- What you will do
Where the entries below show "Collection of Vintage", begin there and print that line and all following lines exactly, through the last, omitting pictures.

- Exercise input
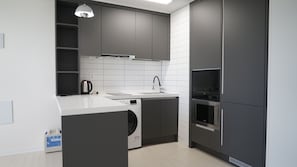 A modern kitchen with a built-in washer, a sink, and a microwave. - remainzhotel (Incheon)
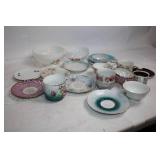 Collection of Vintage Porcelain Cups and Saucers with Floral and Ornate Designs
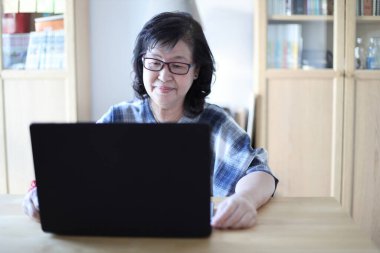 Dizüstü bilgisayar kullanan yaşlı Asyalı kadın..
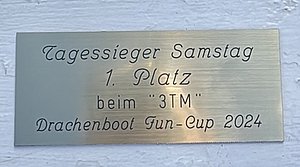 Eine metallene Plakette mit der Aufschrift: "Tagessieger Samstag, 1. Platz beim '3TM' Drachenboot Fun-Cup 2024".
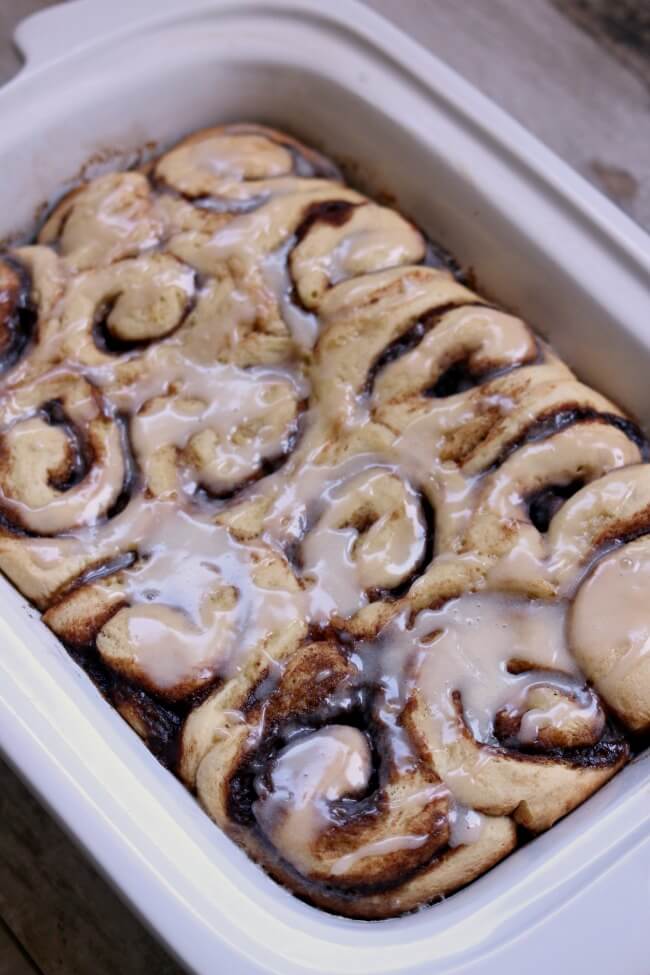 Slow Cooker Cinnamon Rolls--gooey yeast bread cinnamon rolls made easy in the slow cooker. Because they are cooked slowly you don't have to let the cinnamon roll dough raise! Cut out the step of raising the dough twice and just let the cinnamon rolls raise and cook at the same time in the slow cooker. 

- Written answer
 Collection of Vintage Porcelain Cups and Saucers with Floral and Ornate Designs
 Dizüstü bilgisayar kullanan yaşlı Asyalı kadın..
 Eine metallene Plakette mit der Aufschrift: "Tagessieger Samstag, 1. Platz beim '3TM' Drachenboot Fun-Cup 2024".
 Slow Cooker Cinnamon Rolls--gooey yeast bread cinnamon rolls made easy in the slow cooker. Because they are cooked slowly you don't have to let the cinnamon roll dough raise! Cut out the step of raising the dough twice and just let the cinnamon rolls raise and cook at the same time in the slow cooker. 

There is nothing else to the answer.